ContextClaw Plugin Usage
ReviewAudited by ClawScan on May 1, 2026.
Overview
This is a coherent session-management helper, but it asks you to install an external plugin that can read and delete OpenClaw session history.
Before installing, make sure you trust the external ContextClaw plugin. Use dry-run mode first for prune and clean operations, review the listed files, and remember that session logs may include private conversation or task history.
Findings (3)
Artifact-based informational review of SKILL.md, metadata, install specs, static scan signals, and capability signals. ClawScan does not execute the skill or run runtime probes.
Installing the plugin gives third-party code the ability to run locally and manage OpenClaw session files.
The skill relies on installing an external package/plugin whose code is not included in the artifact set. This is purpose-aligned but should be reviewed as third-party software.
npm install -g @rmruss2022/contextclaw openclaw plugins install @rmruss2022/contextclaw
Install only if you trust the npm package and repository; consider reviewing the plugin source and pinning a known version before use.
A live prune or orphan cleanup could remove session history or context that you may later want.
These documented commands can delete OpenClaw session files.

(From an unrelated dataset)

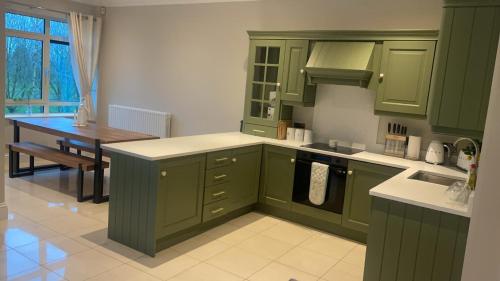 a kitchen with green cabinets and a table in it at Sawgrass Killinard in Killenard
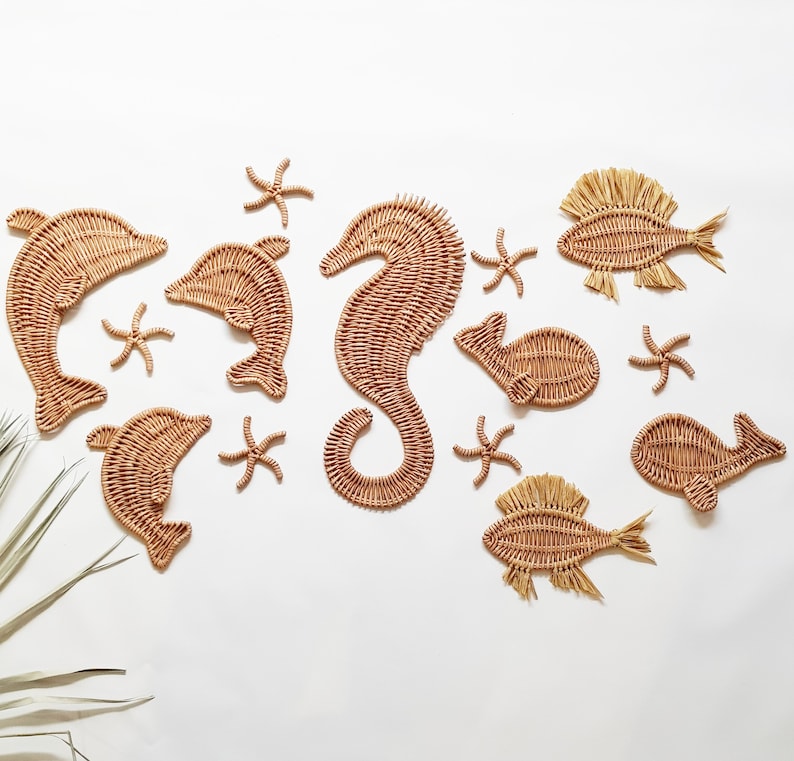 May include: A set of woven sea creature wall decor, including a seahorse, dolphins, starfish, and fish. The decor is made of natural materials and has a light brown color.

The behavior is aligned with the skill purpose and the instructions emphasize dry runs and approval, but deletion is still a meaningful action.
openclaw contextclaw prune --days 30 --dryRun false openclaw contextclaw clean-orphaned --dryRun false
Run the dry-run commands first, review what would be deleted, and back up important sessions before approving live cleanup.
Session analysis or dashboard views may expose private conversation history or task context to anyone with access to the local machine or displayed output.
OpenClaw session files can contain prior prompts, outputs, tool activity, and other private agent context. Reading them is expected for session analysis, but it is sensitive local history.
Analysis: Parses all `.jsonl` files in `~/.openclaw/agents/main/sessions/`
Use this only on a trusted machine, avoid sharing dashboard/screenshots/output that include sensitive session details, and review the session directory contents if privacy matters.